As we have already mentioned, direct taxes are those which are paid directly by people or an organization to an imposing institution such as the government of India. These taxes are usually levied on a person’s income and wealth. The person or the organization in question cannot transfer this type of tax to another person or entity for payment. Some of the examples of direct tax include income tax and wealth tax.
Broadly speaking, the government of India levies two types of taxes on the citizens of India – direct tax and indirect tax. The indirect taxes can be transferred to another person and its most common example is GST (Goods and Services Tax). The GST is levied on the manufacturers or service providers as a direct tax, which is then transferred to the consumers by levying it on the final price of the goods or services, thus, making it an indirect tax for the consumers. Whereas the direct taxes are the ones that cannot be transferred to another person such as Income Tax, which every individual is supposed to pay on their own directly to the government of India. Both the indirect and direct taxes are vital components that play an essential role in changing the course of the Indian economy.
To understand things better, let us first get our basics clear on the direct tax.
What are the Benefits of Direct Tax?
Like everything, the direct taxation too has its share of benefits. Some of them are listed as follows:
The direct tax such as the income tax is collected annually and is mostly deducted at the source. For example, the income tax is deducted from an employee’s salary every month. This saves a great amount of administrative costs as here the employer acts as the tax collector. This system makes direct tax more economical than other types of taxes where a lot of administrative costs are involved.
The direct taxes are also very productive. The revenue generated from direct tax is directly proportional to the changes in the national wealth of the country. In simple words, the increase in a country’s population and/or prosperity will consequently increase the returns on direct tax.

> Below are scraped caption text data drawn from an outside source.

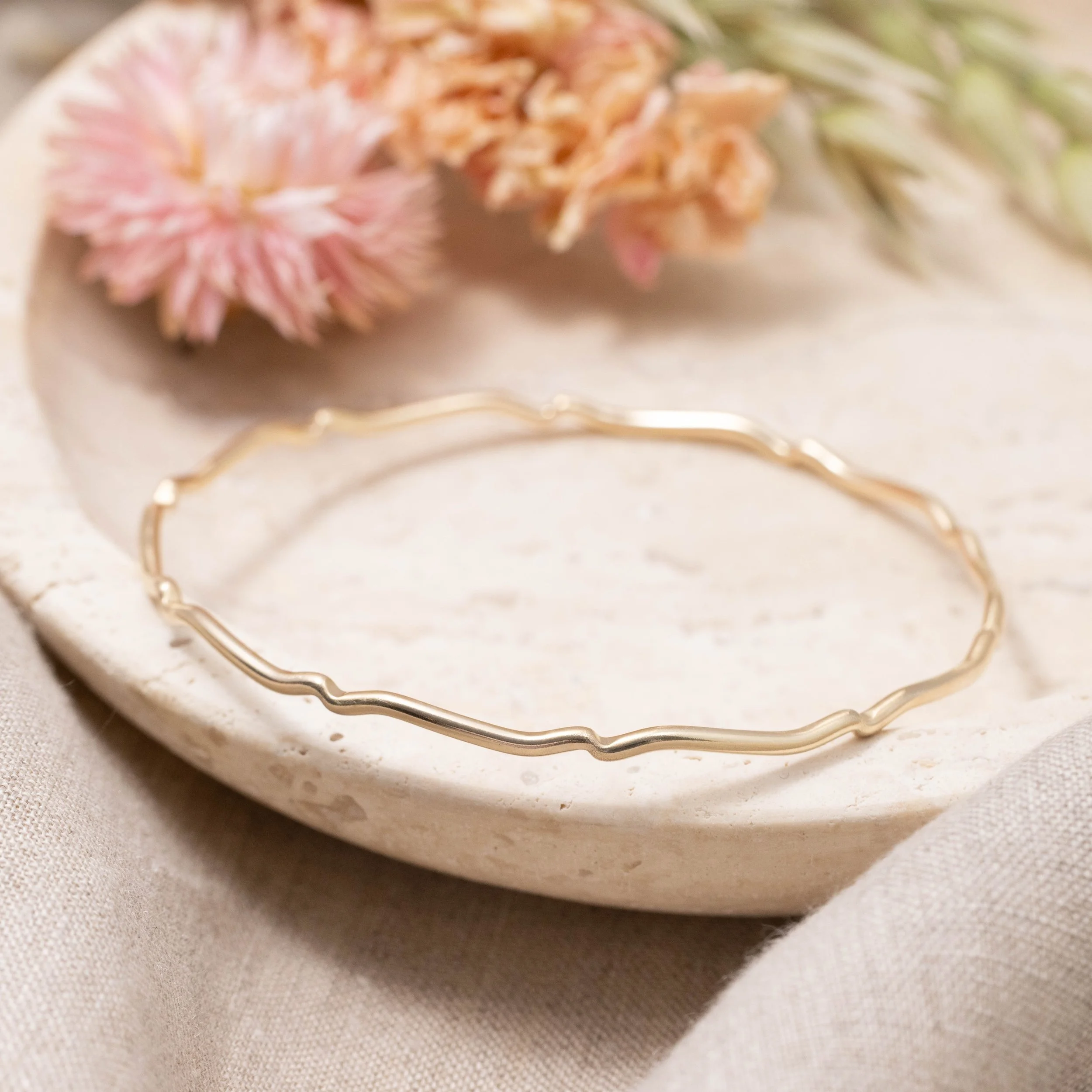 9ct yellow gold scallop bangle with a smooth polished finish and subtle scalloped edge, designed for elegant stacking and everyday wear.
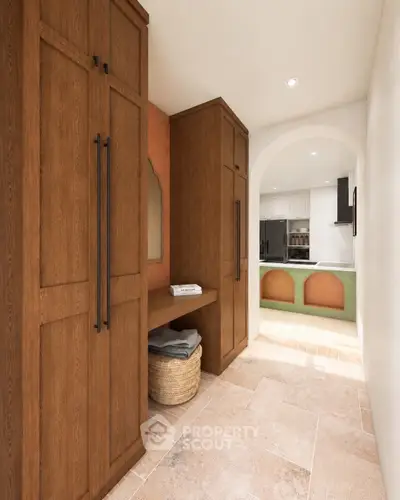 Charming hallway with wooden cabinets leading to a modern kitchen with archway entrance.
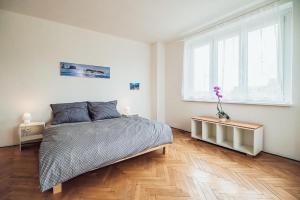 Posteľ alebo postele v izbe v ubytovaní Skodova 4 Apartments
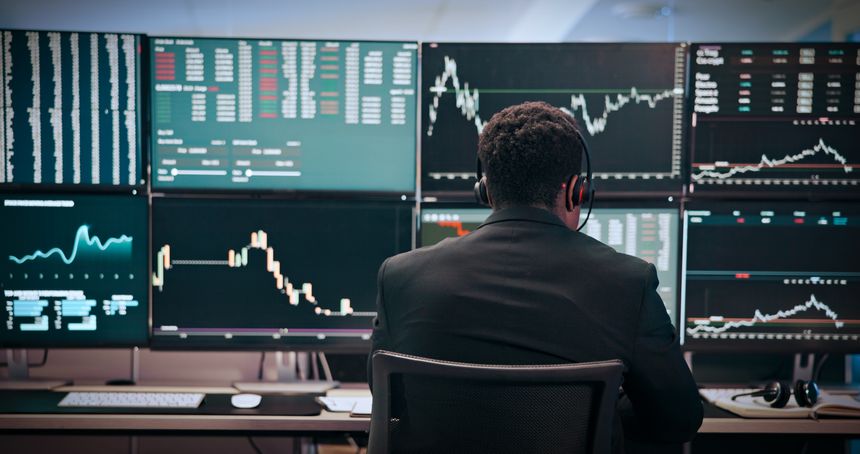 Businessman, trading and monitor with headset at office for stats, graphs and night with stock market investing. African person, broker and trader with voip with back, charts or screen at agency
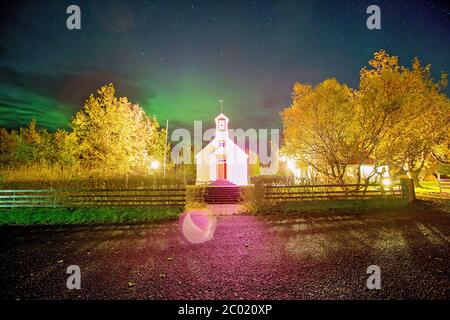 Beautiful landscape with Aurora borealis taken in Iceland on a clear sky night, dancing northern lights Stock Photo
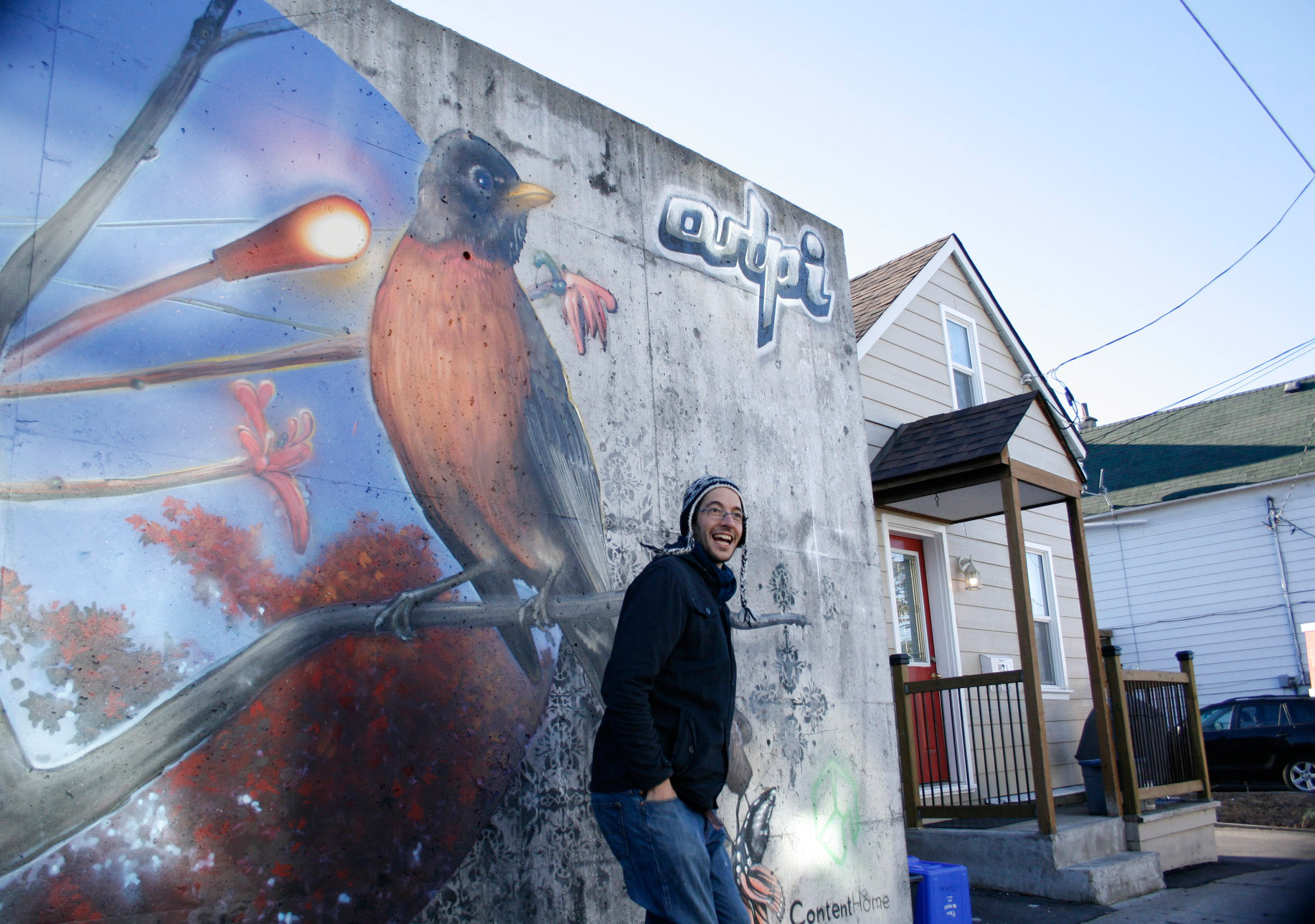 Local street artist Arpi in front of his new mural at the corner of Garland and Lowrey Street. Photo by Jacob Hoytema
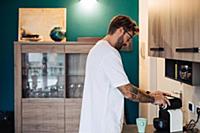 Mid adult man preparing coffee machine on kitchen 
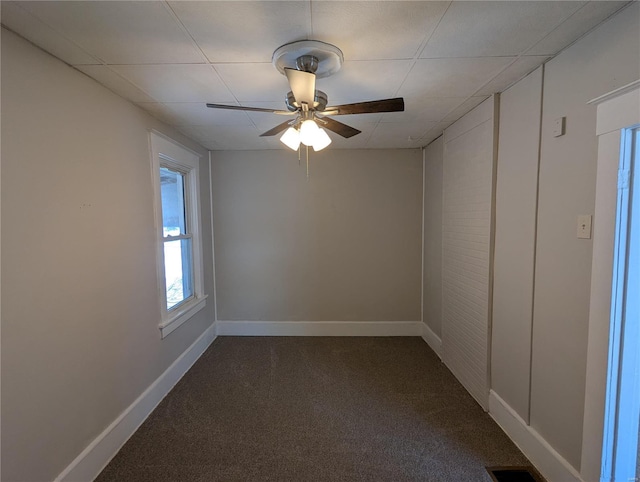 empty room featuring ceiling fan and carpet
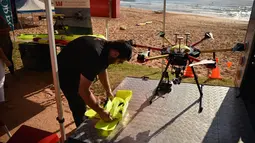 Ben Trollope menyiapkan pesawat tak berawak (drone) pendeteksi hiu di Pantai Bilgola, utara Sydney, Australia, 10 Desember 2017. Drone ini mampu membedakan hiu dengan makhluk laut lain, seperti lumba-lumba, paus, pari, dan sebagainya. (PETER PARKS/AFP)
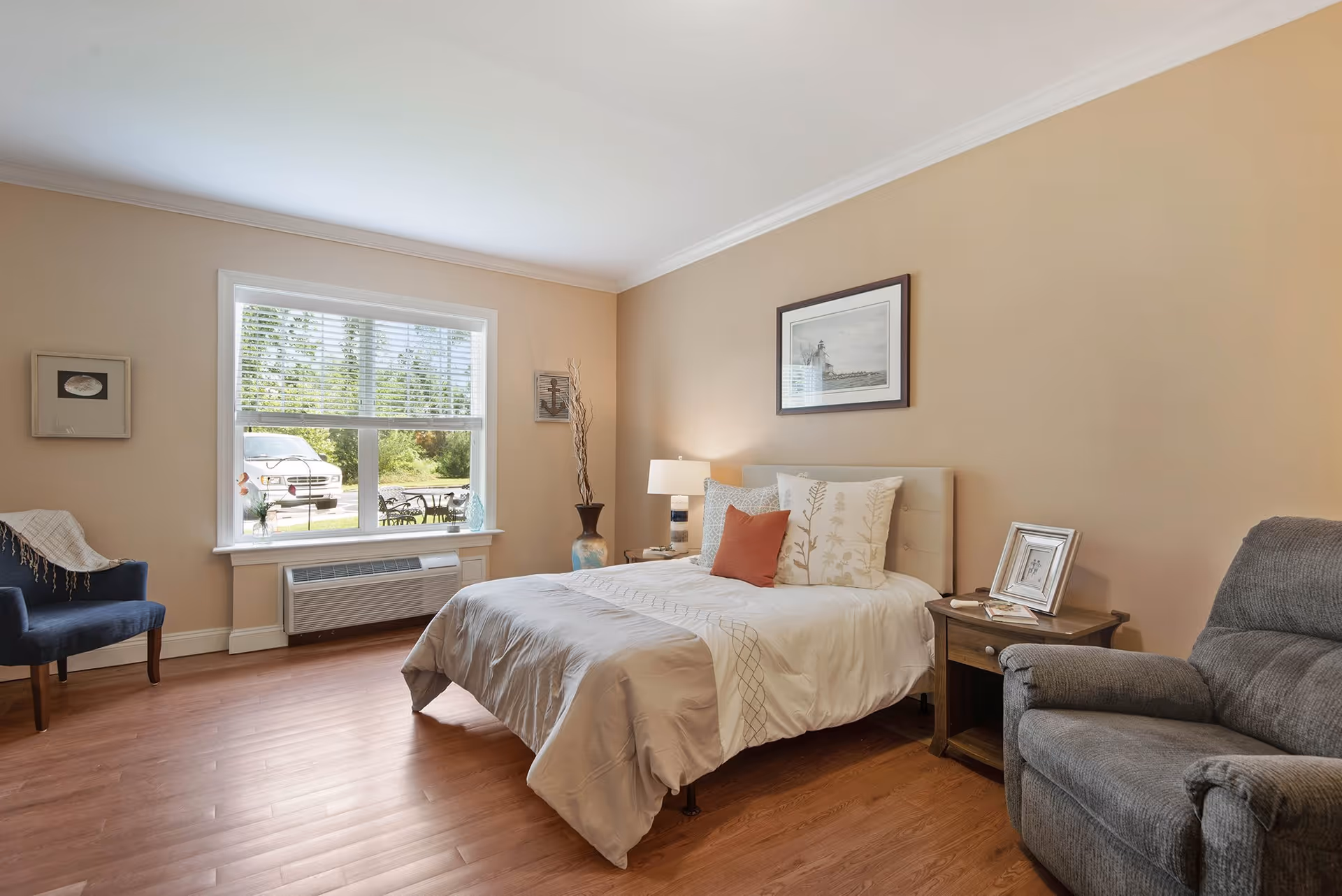A cozy bedroom with a neatly made bed featuring white and beige bedding and decorative pillows. There is a wooden nightstand with a lamp and framed photo next to the bed. A comfortable gray recliner chair is positioned nearby. The room has light beige walls, a large window with white blinds letting in natural light, and wooden flooring. A blue armchair with a throw blanket is placed near the window, and framed artwork hangs on the walls.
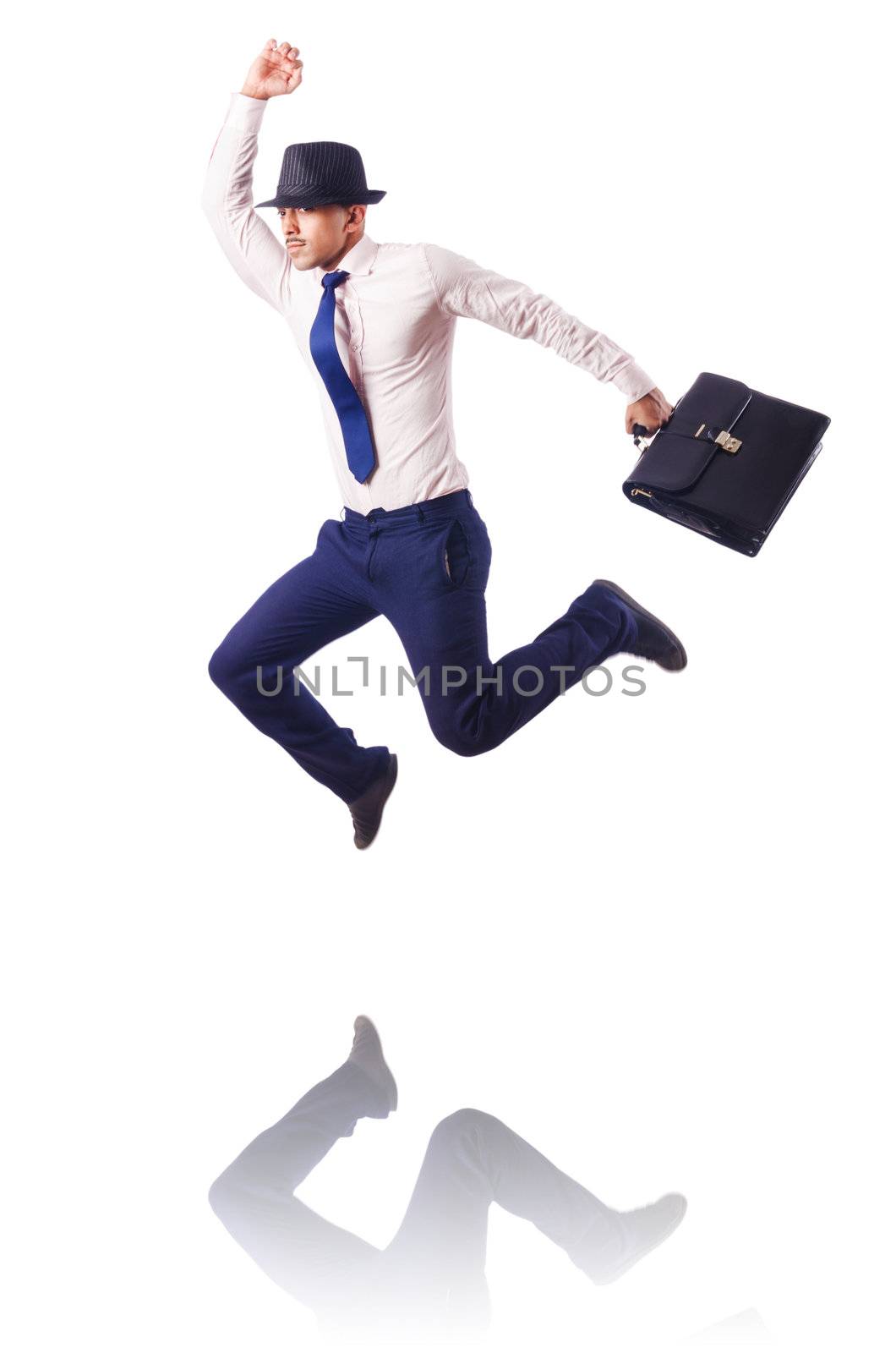 Muscular half naked businessman jumping on white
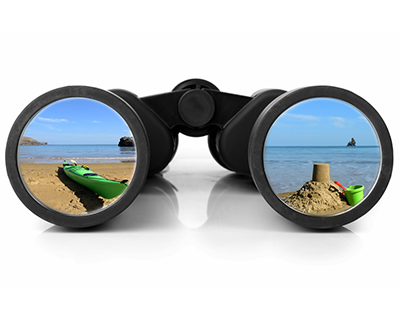 A pair of binoculars looking at a beach scene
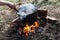 Bowler hat with dinner being prepared. hangs over a campfire on a summer evening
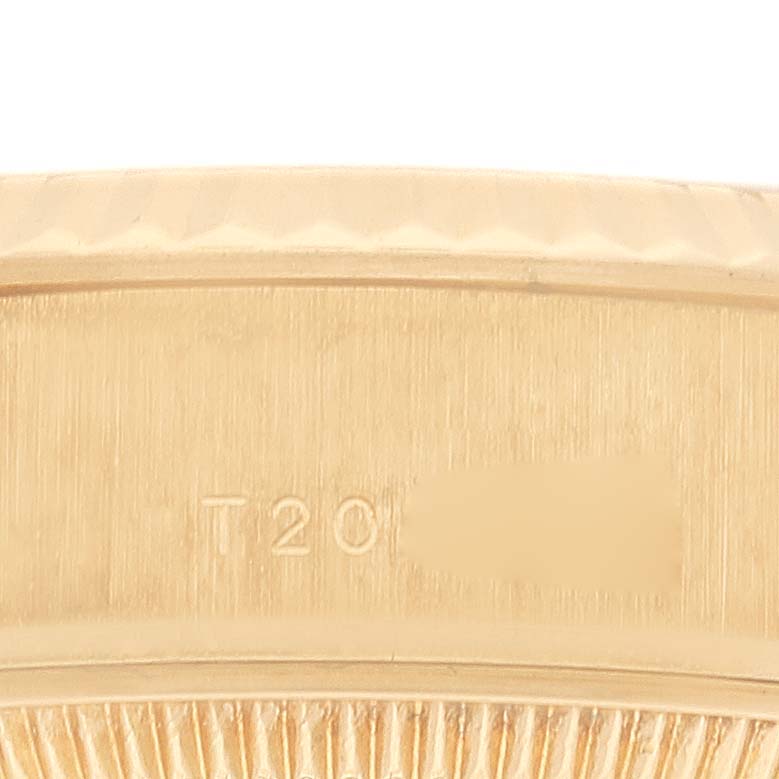 The image shows a close-up of the Rolex President 69178 Women
s Yellow Gold Champagne Dial 69178 Women
s Yellow Gold Champagne Dial model, focusing on a part of the case with engraving details.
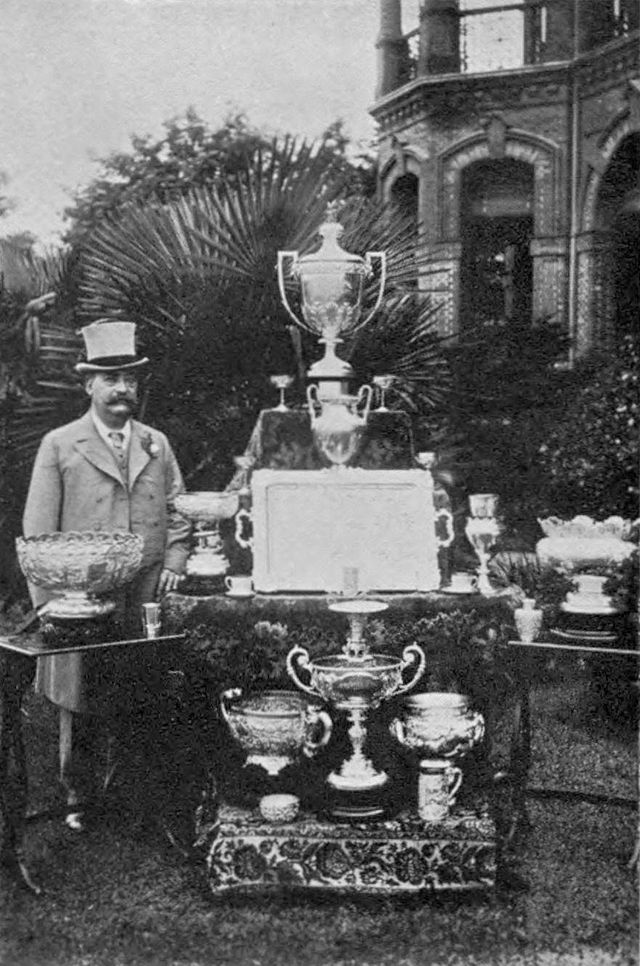 Tcitp_d508_shanghai_horse_racing_fan_and_his_trophies.jpg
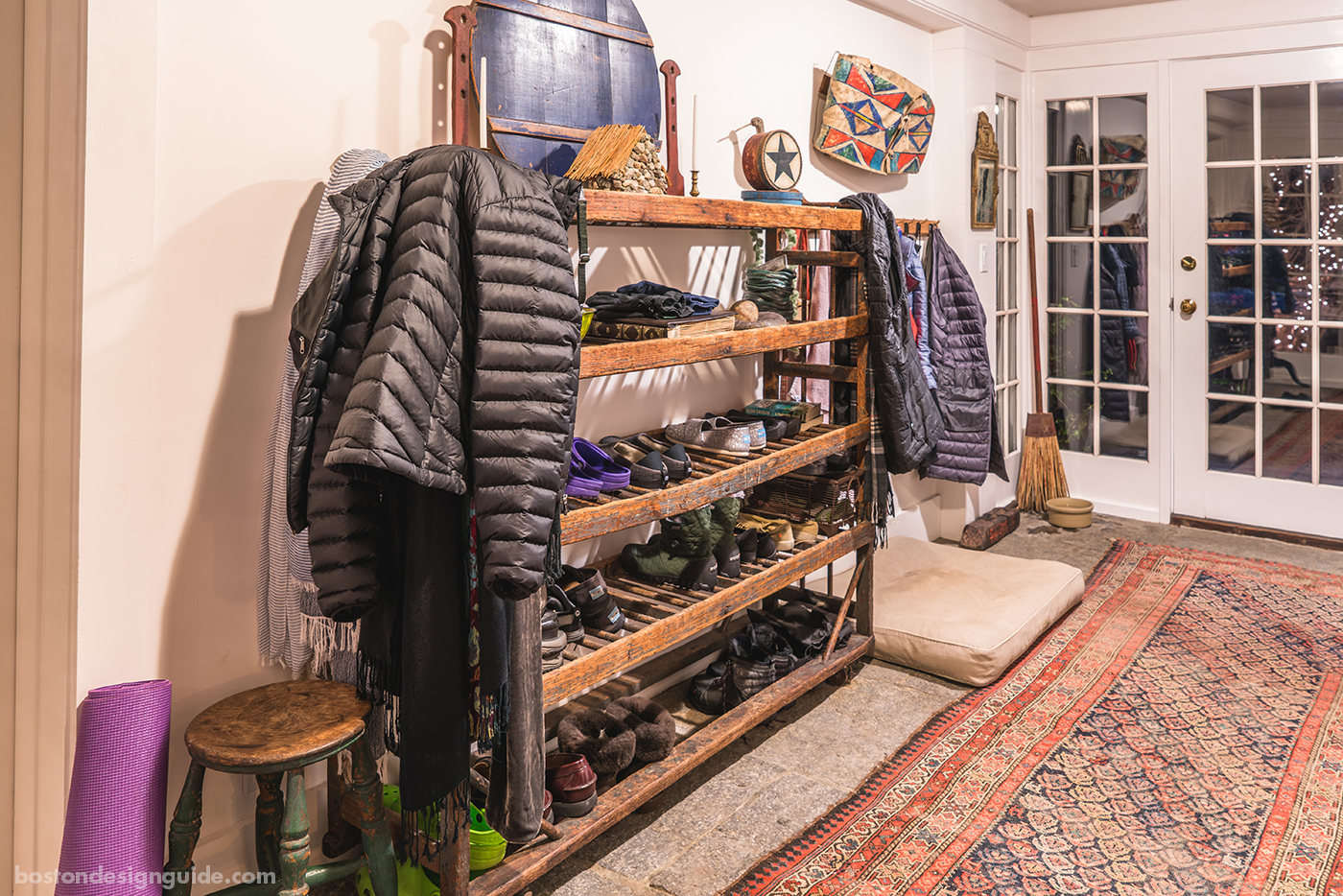 vintage shoe rack in mudroom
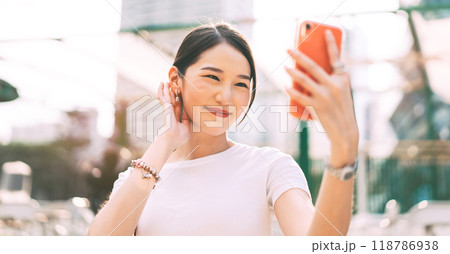 Young adult asian business single woman using smartphone for online dating app at outdoor Young adult asian business single woman using smartphone for online dating app at outdoor 118786938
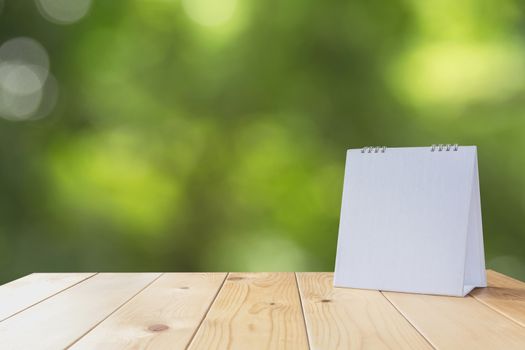 White calendar on wood table on nature background and copy space mock up.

In direct tax, the amount of tax to be paid is certain to the taxpayer. In addition, the tax authorities can also precisely estimate the revenue they can expect form the direct tax. There is no ambiguity in the tax amount as it is decided before the tax submission date. This certainty on the tax amount from both the sides helps in eliminating corruption from the tax collection system.
The direct taxes are imposed on the basis of a taxpayer’s income. The taxpayers with high income need to pay taxes more than the taxpayers with lesser income. In other words, the rich pay more taxes than the poor. This is, however, applicable to all sections of the society. People belonging to similar economic conditions are taxed under the same rate. The equitable trait of the direct tax serves the purpose of equality and justice across all sections of population.
The direct taxes play an important role in reducing the gap of financial inequalities across the country. These taxes are progressive as the government imposes tax on people according to their income. The money collected from these taxes is used to uplift the poor in the society, thus, leading to the aim of social and economic equality.
Direct taxes can be used as an anti-inflationary tool to stabilize the price level in the market. It can be used to control the use and demand of products. The increase in demand of the product and services during inflation can be decreased by increasing the direct tax. Doing this will force people at large to spend less money to purchase the products and services, thus, reducing their demand and consequently the inflation rate.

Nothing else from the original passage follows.